Using the data that follows, give again word for word the lines between the one holding "Ford Fusion foto 3" and the one holding "Building Photo - 7939 S Justine St", inclusive. Omit the pictures.

[[ Records shown open ]]

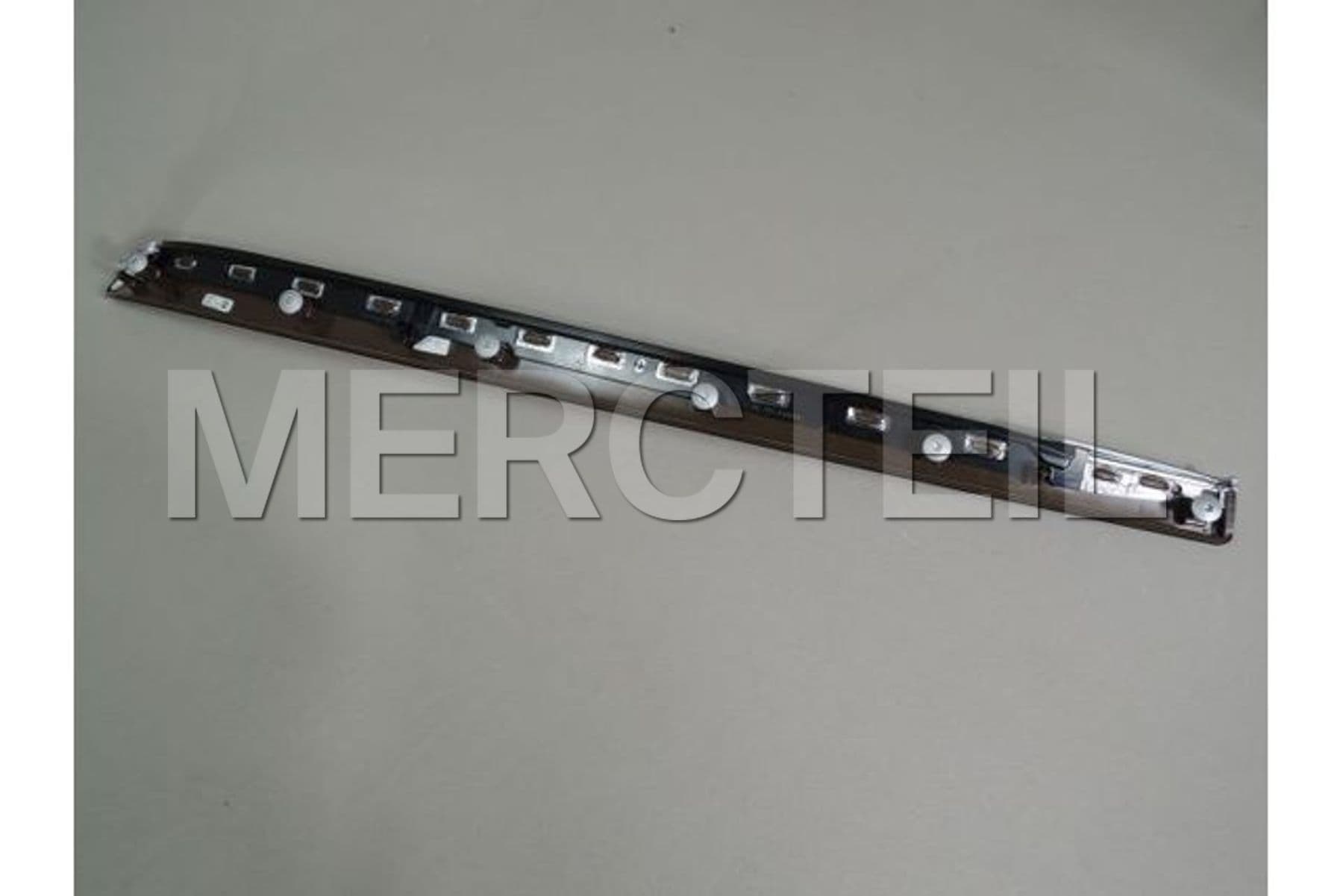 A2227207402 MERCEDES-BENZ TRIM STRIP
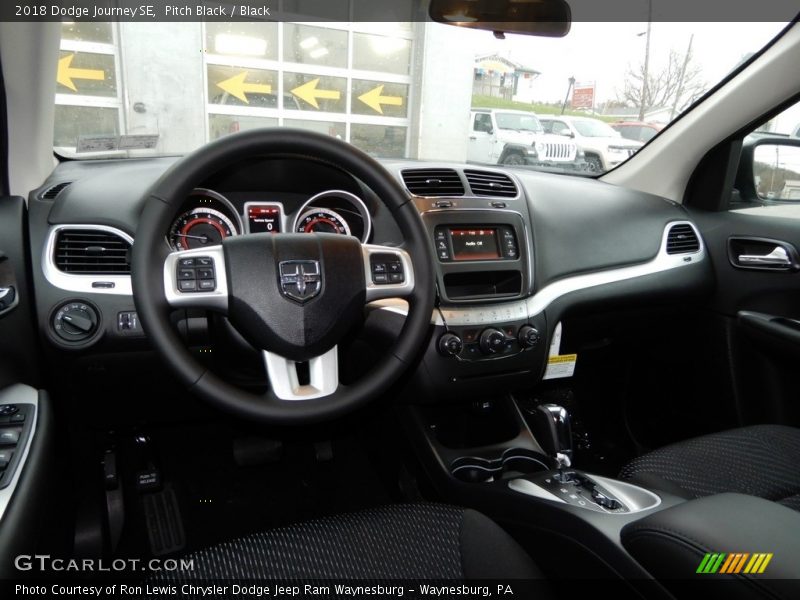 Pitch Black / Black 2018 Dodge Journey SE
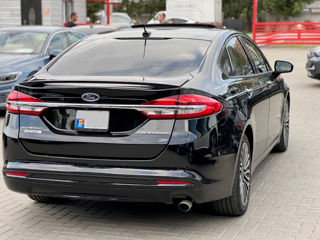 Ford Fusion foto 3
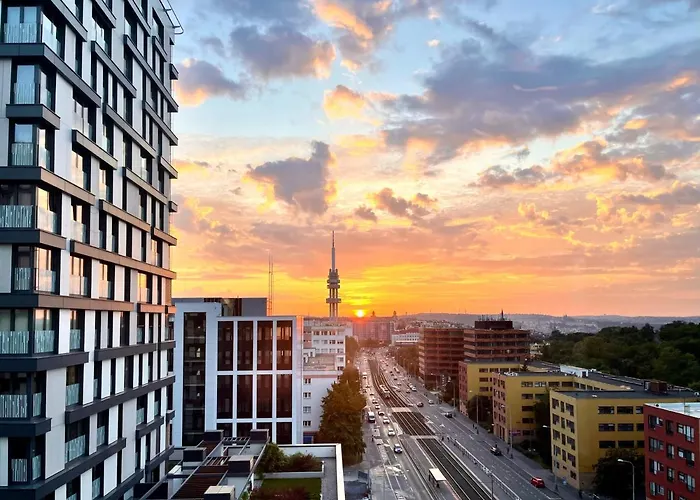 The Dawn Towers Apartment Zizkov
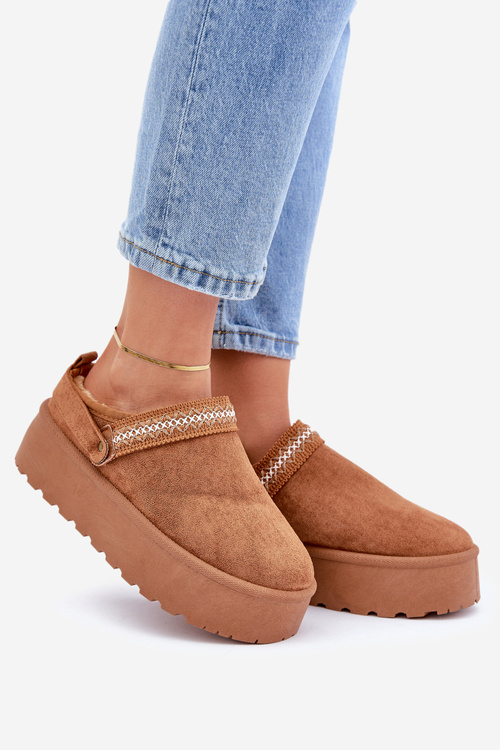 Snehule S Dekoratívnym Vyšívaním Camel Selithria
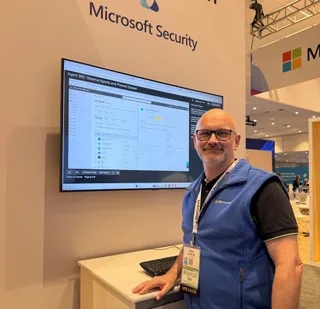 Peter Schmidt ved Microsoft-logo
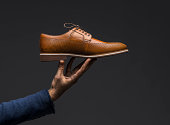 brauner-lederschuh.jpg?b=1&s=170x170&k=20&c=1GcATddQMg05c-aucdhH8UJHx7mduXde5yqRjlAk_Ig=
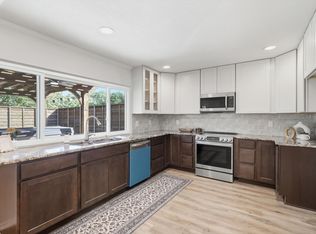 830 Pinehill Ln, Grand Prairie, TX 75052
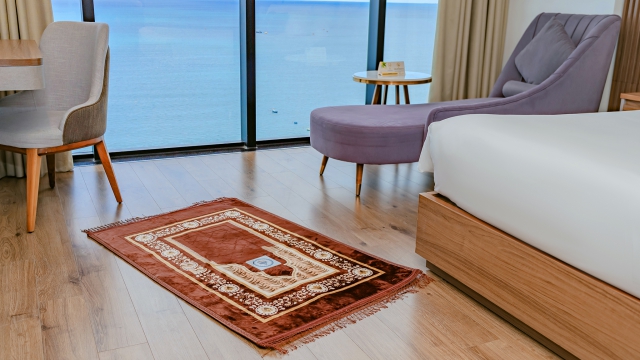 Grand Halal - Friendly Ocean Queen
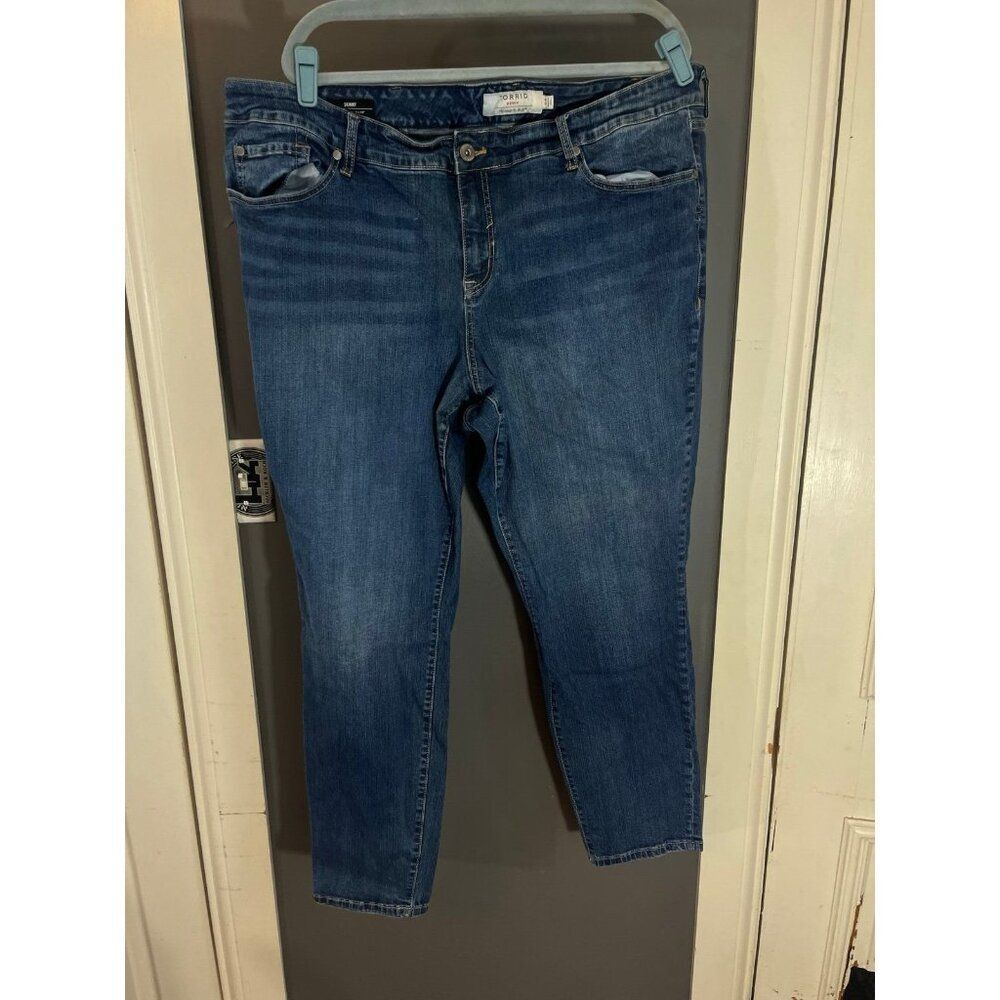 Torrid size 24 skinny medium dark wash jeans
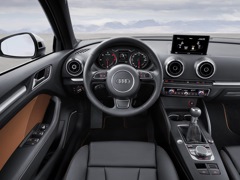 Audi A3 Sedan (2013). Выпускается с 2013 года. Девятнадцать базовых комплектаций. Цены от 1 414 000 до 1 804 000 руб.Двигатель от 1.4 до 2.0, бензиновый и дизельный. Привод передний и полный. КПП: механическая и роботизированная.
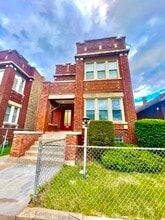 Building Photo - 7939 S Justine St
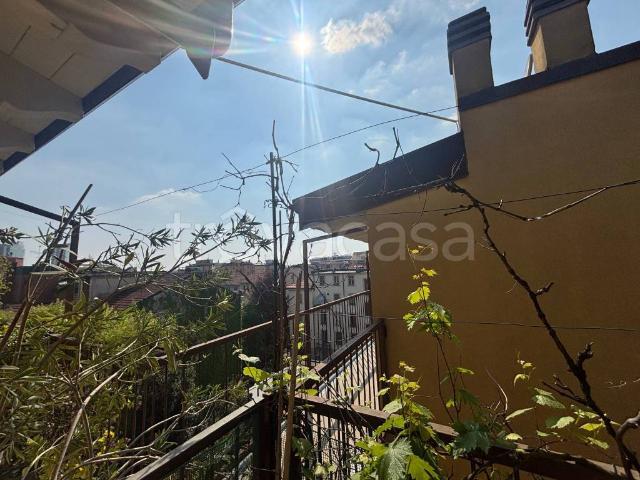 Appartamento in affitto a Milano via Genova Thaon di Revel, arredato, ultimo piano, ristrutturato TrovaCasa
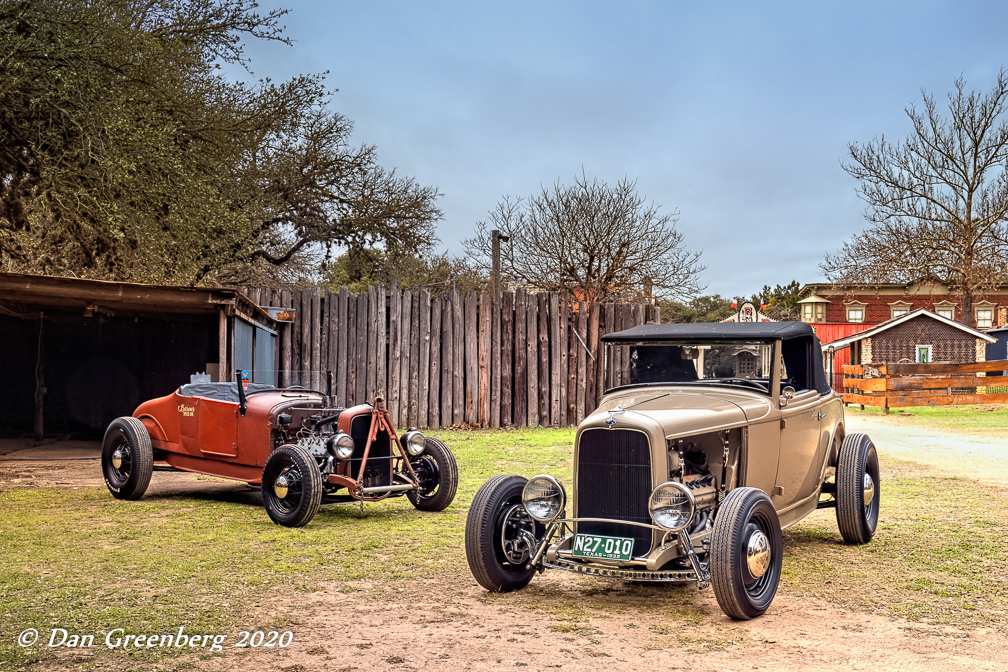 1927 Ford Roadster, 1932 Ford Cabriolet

[[ Records shown closed ]]

### Task result
 Ford Fusion foto 3
 The Dawn Towers Apartment Zizkov
 Snehule S Dekoratívnym Vyšívaním Camel Selithria
 Peter Schmidt ved Microsoft-logo
 brauner-lederschuh.jpg?b=1&s=170x170&k=20&c=1GcATddQMg05c-aucdhH8UJHx7mduXde5yqRjlAk_Ig=
 830 Pinehill Ln, Grand Prairie, TX 75052
 Grand Halal - Friendly Ocean Queen
 Torrid size 24 skinny medium dark wash jeans
 Audi A3 Sedan (2013). Выпускается с 2013 года. Девятнадцать базовых комплектаций. Цены от 1 414 000 до 1 804 000 руб.Двигатель от 1.4 до 2.0, бензиновый и дизельный. Привод передний и полный. КПП: механическая и роботизированная.
 Building Photo - 7939 S Justine St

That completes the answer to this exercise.